To do:
Exactly and in full, give the records again.

Data for processing: Begin

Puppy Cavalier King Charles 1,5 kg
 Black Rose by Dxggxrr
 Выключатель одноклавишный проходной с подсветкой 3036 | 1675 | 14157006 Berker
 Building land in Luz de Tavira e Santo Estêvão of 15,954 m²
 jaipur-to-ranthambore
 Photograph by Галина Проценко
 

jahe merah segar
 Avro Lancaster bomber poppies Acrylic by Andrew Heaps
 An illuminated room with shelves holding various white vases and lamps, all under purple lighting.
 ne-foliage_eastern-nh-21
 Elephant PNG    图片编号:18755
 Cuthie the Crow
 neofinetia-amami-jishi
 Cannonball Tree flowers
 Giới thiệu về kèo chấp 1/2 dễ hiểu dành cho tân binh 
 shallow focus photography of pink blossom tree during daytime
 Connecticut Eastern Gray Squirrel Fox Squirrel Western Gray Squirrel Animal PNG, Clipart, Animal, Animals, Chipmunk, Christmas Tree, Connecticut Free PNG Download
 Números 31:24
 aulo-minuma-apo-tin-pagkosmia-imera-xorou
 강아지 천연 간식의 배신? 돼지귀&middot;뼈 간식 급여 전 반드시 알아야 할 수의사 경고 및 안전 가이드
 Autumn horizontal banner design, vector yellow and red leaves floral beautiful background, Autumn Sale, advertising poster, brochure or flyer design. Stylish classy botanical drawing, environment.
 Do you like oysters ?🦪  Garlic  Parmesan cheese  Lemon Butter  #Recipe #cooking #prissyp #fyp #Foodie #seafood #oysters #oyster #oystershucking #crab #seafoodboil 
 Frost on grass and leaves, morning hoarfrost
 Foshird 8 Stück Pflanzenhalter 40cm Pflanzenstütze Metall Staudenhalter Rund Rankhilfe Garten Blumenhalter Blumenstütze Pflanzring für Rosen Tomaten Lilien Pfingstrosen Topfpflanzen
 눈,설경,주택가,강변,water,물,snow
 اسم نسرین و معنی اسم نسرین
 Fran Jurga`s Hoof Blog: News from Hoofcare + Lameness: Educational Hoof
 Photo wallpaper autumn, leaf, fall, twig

Data for processing: End

Solution to this task:
Puppy Cavalier King Charles 1,5 kg
 Black Rose by Dxggxrr
 Выключатель одноклавишный проходной с подсветкой 3036 | 1675 | 14157006 Berker
 Building land in Luz de Tavira e Santo Estêvão of 15,954 m²
 jaipur-to-ranthambore
 Photograph by Галина Проценко
 

jahe merah segar
 Avro Lancaster bomber poppies Acrylic by Andrew Heaps
 An illuminated room with shelves holding various white vases and lamps, all under purple lighting.
 ne-foliage_eastern-nh-21
 Elephant PNG    图片编号:18755
 Cuthie the Crow
 neofinetia-amami-jishi
 Cannonball Tree flowers
 Giới thiệu về kèo chấp 1/2 dễ hiểu dành cho tân binh 
 shallow focus photography of pink blossom tree during daytime
 Connecticut Eastern Gray Squirrel Fox Squirrel Western Gray Squirrel Animal PNG, Clipart, Animal, Animals, Chipmunk, Christmas Tree, Connecticut Free PNG Download
 Números 31:24
 aulo-minuma-apo-tin-pagkosmia-imera-xorou
 강아지 천연 간식의 배신? 돼지귀&middot;뼈 간식 급여 전 반드시 알아야 할 수의사 경고 및 안전 가이드
 Autumn horizontal banner design, vector yellow and red leaves floral beautiful background, Autumn Sale, advertising poster, brochure or flyer design. Stylish classy botanical drawing, environment.
 Do you like oysters ?🦪  Garlic  Parmesan cheese  Lemon Butter  #Recipe #cooking #prissyp #fyp #Foodie #seafood #oysters #oyster #oystershucking #crab #seafoodboil 
 Frost on grass and leaves, morning hoarfrost
 Foshird 8 Stück Pflanzenhalter 40cm Pflanzenstütze Metall Staudenhalter Rund Rankhilfe Garten Blumenhalter Blumenstütze Pflanzring für Rosen Tomaten Lilien Pfingstrosen Topfpflanzen
 눈,설경,주택가,강변,water,물,snow
 اسم نسرین و معنی اسم نسرین
 Fran Jurga`s Hoof Blog: News from Hoofcare + Lameness: Educational Hoof
 Photo wallpaper autumn, leaf, fall, twig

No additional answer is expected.